The first volume of the Church Dogmatics is Barth’s prolegomena, significantly entitled ‘The Doctrine of the Word of God’. Barth wishes to commit himself from the outset to what he sees as the necessary point of departure for a genuinely theological enquiry. Rather than beginning the dogmatic task with general observations on the nature of the human enquirer, and on the conditions, derived from those observations, which must be met in order for revelation to occur, Barth is intent on beginning with the fact of the occurrence of revelation itself, and deriving doctrines from that event. He explicitly chooses to start from the point at which neo-Protestant dogmatics had generally deemed it necessary to stop: ‘The most important but also the most relevant and beautiful problems in dogmatics begin at the very point where the fable of “unprofitable scholasticism” and the slogan about “the Greek thinking of the Fathers” persuade us that we ought to stop’ (I/1, xiv). By abandoning the Trinity and the Virgin Birth (both of which Barth takes up as important themes in this volume), modern Protestantism had also jettisoned reflection on the divine mystery as revealed in Jesus Christ, and fallen prey to ideologies and mythical fancies (I/1, xiv).
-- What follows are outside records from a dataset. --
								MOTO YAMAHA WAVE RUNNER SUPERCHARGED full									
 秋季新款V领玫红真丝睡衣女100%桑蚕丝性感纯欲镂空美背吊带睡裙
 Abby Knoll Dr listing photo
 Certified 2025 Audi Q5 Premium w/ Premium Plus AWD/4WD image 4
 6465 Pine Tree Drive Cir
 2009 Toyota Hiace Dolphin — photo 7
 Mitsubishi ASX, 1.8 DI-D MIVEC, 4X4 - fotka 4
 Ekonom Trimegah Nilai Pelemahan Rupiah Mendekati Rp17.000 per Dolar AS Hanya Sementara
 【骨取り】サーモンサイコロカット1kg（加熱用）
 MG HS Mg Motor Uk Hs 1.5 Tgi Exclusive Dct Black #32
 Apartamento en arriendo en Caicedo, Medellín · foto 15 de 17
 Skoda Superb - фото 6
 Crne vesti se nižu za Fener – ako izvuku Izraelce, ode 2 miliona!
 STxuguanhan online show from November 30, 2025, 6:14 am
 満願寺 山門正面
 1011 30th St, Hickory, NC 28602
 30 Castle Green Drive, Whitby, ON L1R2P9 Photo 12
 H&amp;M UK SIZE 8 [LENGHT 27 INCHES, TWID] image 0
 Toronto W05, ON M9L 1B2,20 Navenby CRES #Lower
Years later, Barth recalled the importance of the insight he had gained in the five years leading up to the Church Dogmatics, which, by his own account, forced him to abandon the earlier and unfinished Christliche Dogmatik:
The positive factor in the new development was this: in these years I had to learn that Christian doctrine, if it is to merit its name, and if it is to build up the Christian Church in the world as it needs to be built up, has to be exclusively and consistently the doctrine of Jesus Christ. Jesus Christ is the living Word of God spoken to us men. If I look back from this point on my earlier stages, I can now ask myself why I did not learn this and give expression to it much sooner. How slow man is, especially when the most important things are at stake! […] My new task was to rethink everything that I had said before and to put it quite differently once again, as a theology of the grace of God in Jesus Christ. […] I have discovered that by concentrating on this point I can say everything far more clearly, unambiguously and simply, in accordance with the Church’s belief, and yet far more freely, openly and comprehensively, than I could ever have said it before.1
Several elements in this description of Barth’s theological principles are important for understanding the overall shape of the Church Dogmatics. Above all Barth insists that the starting-point for dogmatics is reflection on the object of its enquiry, which is Jesus Christ. Dogmatics does not begin with formal considerations dictated by the nature of the enquiring subject, but with the object of its enquiry. Barth differs here from the tradition of the Kantian Erkenntnislehre in that he demurs from developing an epistemology in abstraction from an actual field of knowledge. The field of knowledge with which dogmatics is concerned is the revelation of God in Jesus Christ.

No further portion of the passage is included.